The real question is this: how are Iowa lawmakers picking winners and losers with businesses in Iowa? The answer is tax credits, specifically research activities tax credits. While the overall tax-credit system needs to be reviewed and revised, this piece specifically looks at the tax credits provided for research activities.
In a report examining all tax-credit programs from 2012, the Iowa Department of Revenue reported there “were 2,770 [total] refundable tax-credit claims made in 2012 as reported on the IA 148; these claims totaled over $107.3 million.” Jump forward to 2016, when research activities tax credits were $49.1 million for corporations and $9.3 million for individuals. In total, this program cost Iowa taxpayers around $58.4 million dollars! Of that $58.4 million in tax credits, $43.7 million were given as refunds to businesses and individuals, with $40.4 million going to businesses and $3.3 million going to individuals!
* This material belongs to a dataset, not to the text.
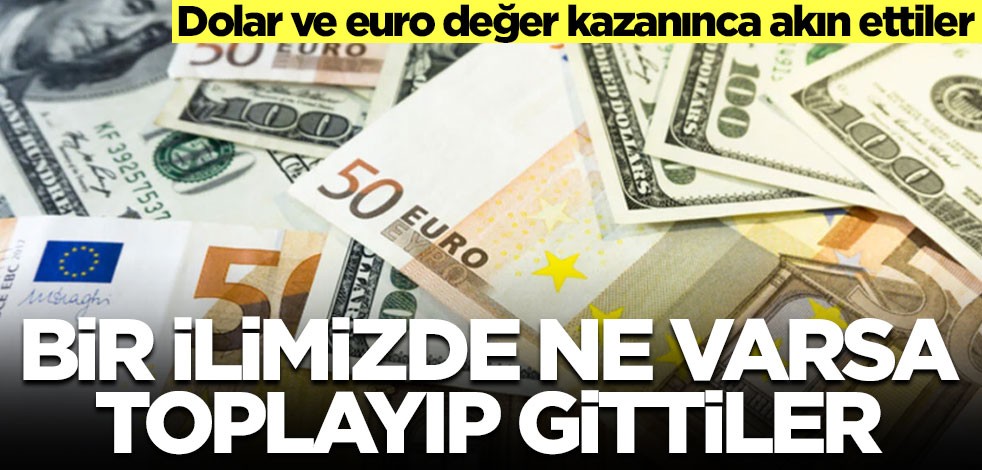 Dolar ve euro değer kazanınca akın ettiler! O ilimizde ne varsa toplayıp gittiler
While supporters may argue this money is an investment in our economy that supports the research activities of our small businesses and brings jobs to Iowa, I believe this is wrong! This money is going to many large businesses in Iowa, and the research tax credits decrease tax liability to the point that the state owes these businesses money — your hard-earned money!
Of the total amount of research tax credits granted, the top 19 receiving companies equaled $44.3 million. The total for businesses was $49.1 million, so 90 percent of the tax credit went to 19 companies. Additionally, “207 (68 percent) were paid in whole or in part as checks to companies that paid no state corporate income tax.”
Since 90 percent of the tax credits are going to 19 business, wouldn’t it make more sense to cut the tax rate for corporations so that all can benefit from this tax savings? Otherwise it seems that the state is choosing to help companies that have research budgets and penalizing our local hardware store that is working to stay competitive and helping the local community.
The Executive Director of the Iowa Policy Project, Mike Owen, said, “It is really time to examine whether this is a wise use of what legislators tell us are scarce resources.” I would agree that the Iowa House and Senate should take the time to review the tax credits our state is handing out and make sure we are spending taxpayer money wisely and not allowing a few large companies to come out on top.